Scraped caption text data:
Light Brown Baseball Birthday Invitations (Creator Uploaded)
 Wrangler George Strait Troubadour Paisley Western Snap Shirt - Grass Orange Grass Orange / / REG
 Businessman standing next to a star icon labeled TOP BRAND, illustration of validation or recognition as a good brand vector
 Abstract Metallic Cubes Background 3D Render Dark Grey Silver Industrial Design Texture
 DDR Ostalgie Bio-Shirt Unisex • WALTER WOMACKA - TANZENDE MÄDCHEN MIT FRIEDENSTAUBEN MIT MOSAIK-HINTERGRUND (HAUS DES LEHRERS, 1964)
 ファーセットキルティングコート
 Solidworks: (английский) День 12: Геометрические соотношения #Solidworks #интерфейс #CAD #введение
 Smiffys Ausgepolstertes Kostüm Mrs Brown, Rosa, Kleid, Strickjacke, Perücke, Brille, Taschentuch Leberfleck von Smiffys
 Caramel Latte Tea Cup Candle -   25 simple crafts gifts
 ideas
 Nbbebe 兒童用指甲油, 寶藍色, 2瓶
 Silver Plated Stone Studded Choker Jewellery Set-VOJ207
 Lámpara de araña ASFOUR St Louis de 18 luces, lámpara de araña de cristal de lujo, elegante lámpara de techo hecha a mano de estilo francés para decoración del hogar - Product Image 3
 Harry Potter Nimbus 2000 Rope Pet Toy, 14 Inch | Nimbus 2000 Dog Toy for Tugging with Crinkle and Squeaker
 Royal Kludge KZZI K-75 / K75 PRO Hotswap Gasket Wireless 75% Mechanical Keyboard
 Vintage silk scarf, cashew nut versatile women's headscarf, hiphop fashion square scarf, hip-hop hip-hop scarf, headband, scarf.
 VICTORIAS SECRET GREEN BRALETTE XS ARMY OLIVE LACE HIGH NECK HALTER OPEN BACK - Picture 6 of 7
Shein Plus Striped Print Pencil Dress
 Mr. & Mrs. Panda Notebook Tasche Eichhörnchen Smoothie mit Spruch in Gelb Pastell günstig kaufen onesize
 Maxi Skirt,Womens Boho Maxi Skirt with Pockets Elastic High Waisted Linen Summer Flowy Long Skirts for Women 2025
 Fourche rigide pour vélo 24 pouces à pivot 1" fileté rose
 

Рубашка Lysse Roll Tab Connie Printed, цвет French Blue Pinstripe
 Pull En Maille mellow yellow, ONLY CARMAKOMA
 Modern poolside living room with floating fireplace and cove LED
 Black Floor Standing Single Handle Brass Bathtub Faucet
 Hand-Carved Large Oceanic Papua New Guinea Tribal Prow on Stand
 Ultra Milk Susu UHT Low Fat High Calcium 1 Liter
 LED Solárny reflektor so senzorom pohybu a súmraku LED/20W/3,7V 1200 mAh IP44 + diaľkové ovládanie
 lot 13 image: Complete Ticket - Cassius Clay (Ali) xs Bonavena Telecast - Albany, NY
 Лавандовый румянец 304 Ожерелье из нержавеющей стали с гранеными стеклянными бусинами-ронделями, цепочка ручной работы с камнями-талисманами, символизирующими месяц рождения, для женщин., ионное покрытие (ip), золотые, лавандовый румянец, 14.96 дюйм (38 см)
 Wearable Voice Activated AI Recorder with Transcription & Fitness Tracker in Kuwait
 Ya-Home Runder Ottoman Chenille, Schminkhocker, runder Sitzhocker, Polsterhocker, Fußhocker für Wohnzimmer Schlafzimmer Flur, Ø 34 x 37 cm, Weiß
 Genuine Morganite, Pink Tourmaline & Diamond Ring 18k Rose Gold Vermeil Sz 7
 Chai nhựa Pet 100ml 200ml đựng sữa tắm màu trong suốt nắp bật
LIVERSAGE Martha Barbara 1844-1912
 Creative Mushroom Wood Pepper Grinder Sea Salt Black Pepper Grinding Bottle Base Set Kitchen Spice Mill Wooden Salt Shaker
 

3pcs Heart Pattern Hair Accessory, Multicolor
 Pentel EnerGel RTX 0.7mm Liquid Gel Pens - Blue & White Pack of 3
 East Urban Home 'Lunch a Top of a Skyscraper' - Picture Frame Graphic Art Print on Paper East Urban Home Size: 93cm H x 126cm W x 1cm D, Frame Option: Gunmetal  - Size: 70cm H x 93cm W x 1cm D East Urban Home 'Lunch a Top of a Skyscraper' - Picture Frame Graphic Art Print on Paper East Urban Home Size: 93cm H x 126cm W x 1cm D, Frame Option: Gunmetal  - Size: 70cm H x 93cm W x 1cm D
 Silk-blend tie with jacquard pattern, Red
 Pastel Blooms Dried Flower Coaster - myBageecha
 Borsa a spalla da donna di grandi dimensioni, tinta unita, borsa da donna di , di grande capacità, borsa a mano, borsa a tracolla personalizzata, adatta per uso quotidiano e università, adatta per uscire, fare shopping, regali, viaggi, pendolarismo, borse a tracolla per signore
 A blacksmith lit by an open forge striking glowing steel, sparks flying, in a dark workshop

• _EXERCISE REQUIREMENTS_
Nothing may be dropped or altered. Copy every line above.

• _FINISHED EXERCISE_
Light Brown Baseball Birthday Invitations (Creator Uploaded)
 Wrangler George Strait Troubadour Paisley Western Snap Shirt - Grass Orange Grass Orange / / REG
 Businessman standing next to a star icon labeled TOP BRAND, illustration of validation or recognition as a good brand vector
 Abstract Metallic Cubes Background 3D Render Dark Grey Silver Industrial Design Texture
 DDR Ostalgie Bio-Shirt Unisex • WALTER WOMACKA - TANZENDE MÄDCHEN MIT FRIEDENSTAUBEN MIT MOSAIK-HINTERGRUND (HAUS DES LEHRERS, 1964)
 ファーセットキルティングコート
 Solidworks: (английский) День 12: Геометрические соотношения #Solidworks #интерфейс #CAD #введение
 Smiffys Ausgepolstertes Kostüm Mrs Brown, Rosa, Kleid, Strickjacke, Perücke, Brille, Taschentuch Leberfleck von Smiffys
 Caramel Latte Tea Cup Candle -   25 simple crafts gifts
 ideas
 Nbbebe 兒童用指甲油, 寶藍色, 2瓶
 Silver Plated Stone Studded Choker Jewellery Set-VOJ207
 Lámpara de araña ASFOUR St Louis de 18 luces, lámpara de araña de cristal de lujo, elegante lámpara de techo hecha a mano de estilo francés para decoración del hogar - Product Image 3
 Harry Potter Nimbus 2000 Rope Pet Toy, 14 Inch | Nimbus 2000 Dog Toy for Tugging with Crinkle and Squeaker
 Royal Kludge KZZI K-75 / K75 PRO Hotswap Gasket Wireless 75% Mechanical Keyboard
 Vintage silk scarf, cashew nut versatile women's headscarf, hiphop fashion square scarf, hip-hop hip-hop scarf, headband, scarf.
 VICTORIAS SECRET GREEN BRALETTE XS ARMY OLIVE LACE HIGH NECK HALTER OPEN BACK - Picture 6 of 7
Shein Plus Striped Print Pencil Dress
 Mr. & Mrs. Panda Notebook Tasche Eichhörnchen Smoothie mit Spruch in Gelb Pastell günstig kaufen onesize
 Maxi Skirt,Womens Boho Maxi Skirt with Pockets Elastic High Waisted Linen Summer Flowy Long Skirts for Women 2025
 Fourche rigide pour vélo 24 pouces à pivot 1" fileté rose
 

Рубашка Lysse Roll Tab Connie Printed, цвет French Blue Pinstripe
 Pull En Maille mellow yellow, ONLY CARMAKOMA
 Modern poolside living room with floating fireplace and cove LED
 Black Floor Standing Single Handle Brass Bathtub Faucet
 Hand-Carved Large Oceanic Papua New Guinea Tribal Prow on Stand
 Ultra Milk Susu UHT Low Fat High Calcium 1 Liter
 LED Solárny reflektor so senzorom pohybu a súmraku LED/20W/3,7V 1200 mAh IP44 + diaľkové ovládanie
 lot 13 image: Complete Ticket - Cassius Clay (Ali) xs Bonavena Telecast - Albany, NY
 Лавандовый румянец 304 Ожерелье из нержавеющей стали с гранеными стеклянными бусинами-ронделями, цепочка ручной работы с камнями-талисманами, символизирующими месяц рождения, для женщин., ионное покрытие (ip), золотые, лавандовый румянец, 14.96 дюйм (38 см)
 Wearable Voice Activated AI Recorder with Transcription & Fitness Tracker in Kuwait
 Ya-Home Runder Ottoman Chenille, Schminkhocker, runder Sitzhocker, Polsterhocker, Fußhocker für Wohnzimmer Schlafzimmer Flur, Ø 34 x 37 cm, Weiß
 Genuine Morganite, Pink Tourmaline & Diamond Ring 18k Rose Gold Vermeil Sz 7
 Chai nhựa Pet 100ml 200ml đựng sữa tắm màu trong suốt nắp bật
LIVERSAGE Martha Barbara 1844-1912
 Creative Mushroom Wood Pepper Grinder Sea Salt Black Pepper Grinding Bottle Base Set Kitchen Spice Mill Wooden Salt Shaker
 

3pcs Heart Pattern Hair Accessory, Multicolor
 Pentel EnerGel RTX 0.7mm Liquid Gel Pens - Blue & White Pack of 3
 East Urban Home 'Lunch a Top of a Skyscraper' - Picture Frame Graphic Art Print on Paper East Urban Home Size: 93cm H x 126cm W x 1cm D, Frame Option: Gunmetal  - Size: 70cm H x 93cm W x 1cm D East Urban Home 'Lunch a Top of a Skyscraper' - Picture Frame Graphic Art Print on Paper East Urban Home Size: 93cm H x 126cm W x 1cm D, Frame Option: Gunmetal  - Size: 70cm H x 93cm W x 1cm D
 Silk-blend tie with jacquard pattern, Red
 Pastel Blooms Dried Flower Coaster - myBageecha
 Borsa a spalla da donna di grandi dimensioni, tinta unita, borsa da donna di , di grande capacità, borsa a mano, borsa a tracolla personalizzata, adatta per uso quotidiano e università, adatta per uscire, fare shopping, regali, viaggi, pendolarismo, borse a tracolla per signore
 A blacksmith lit by an open forge striking glowing steel, sparks flying, in a dark workshop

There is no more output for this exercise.